SELECT orders.id AS order_id, orders.amount AS amount, users.id AS user_id FROM orders INNER JOIN users ON orders.user_id = users.id ORDER BY orders.id LIMIT 10
order_id,amount,user_id
1,10.00,374251
2,20.00,371735
3,5.00,58423
4,1.00,49674
5,2.00,398807
6,4.00,12144
7,4.00,21743
8,2.00,260913
9,1.00,191346
10,10.00,131893
Here we’ve smoothly gathered data from both orders
and users
tables.
Renaming headers
This one is also pretty easy and it is presented in SELECT query above. We can choose the proper headers by just aliasing columns in query - orders.id
to order_id
, orders.amount
to amount
and users.id
to user_id
.
Additional columns
There may be cases where the CSV value of a column doesn't directly correspond to our table data. For example, it might be the sum of two other columns or a doubled value of another column, or any other type of more abstracted ( or constant) values:
SELECT *, 2*orders.amount AS doubled_amount FROM orders
id,user_id,amount,created_at,updated_at,doubled_amount
1,374251,1000.00,2023-11-12 22:51:55.590875,2023-12-28 17:09:52.801258,2000.00
2,371735,100000.00,2023-11-12 22:51:55.67145,2023-12-28 17:10:51.519108,200000.00
3,58423,10.00,2023-11-12 22:51:55.681761,2023-11-12 22:51:55.681761,20.00
4,49674,20.00,2023-11-12 22:51:55.690487,2023-11-12 22:51:55.690487,40.00
5,398807,30.00,2023-11-12 22:51:55.696318,2023-11-12 22:51:55.696318,60.00
6,12144,10.00,2023-11-12 22:51:55.701053,2023-11-12 22:51:55.701053,20.00
7,21743,20.00,2023-11-12 22:51:55.707059,2023-11-12 22:51:55.707059,40.00
8,260913,30.00,2023-11-12 22:51:55.713588,2023-11-12 22:51:55.713588,60.00
9,191346,10.00,2023-11-12 22:51:55.720107,2023-11-12 22:51:55.720107,20.00
10,131893,10.00,2023-11-12 22:51:55.725918,2023-11-12 22:51:55.725918,20.00
Some useful resources
There's already an existing gem called postgres-copy. This gem allows your AR models to use the PostgreSQL COPY command to export/export data in CSV format. It's similar to the solution presented in this article and is based on the pg
gem methods. It's definitely worth checking out.

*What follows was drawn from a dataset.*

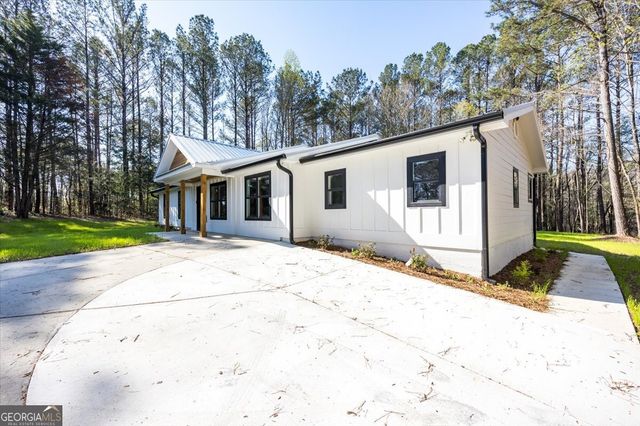 392 GA Hwy 74, Molena, GA 30258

Another gem related to the COPY function is activerecord-copy. However, this gem only handles copying from CSV to the table, so it doesn't fully address the topic of this article.
Final words
According to my analysis, which is included in the article, the COPY TO
method demonstrates remarkable performance advantages, as evidenced by a significant speed difference in benchmarking. However, its straightforward nature may pose challenges when dealing with complex application logic and data modifications. These challenges need to be addressed using advanced SQL queries or direct data manipulations. On the other hand, the traditional CSV library, though slower, offers a more adaptable solution for complex data manipulations and logic transformations. The choice between the two methods ultimately hinges on the specific requirements of the application, with the COPY TO
solution excelling in raw export speed and the CSV library offering versatility in handling complex data scenarios. I highly recommend giving PostgreSQL solution a try, especially if your dataset is large but not overly complicated, or you just enjoy serving some efficient SQL.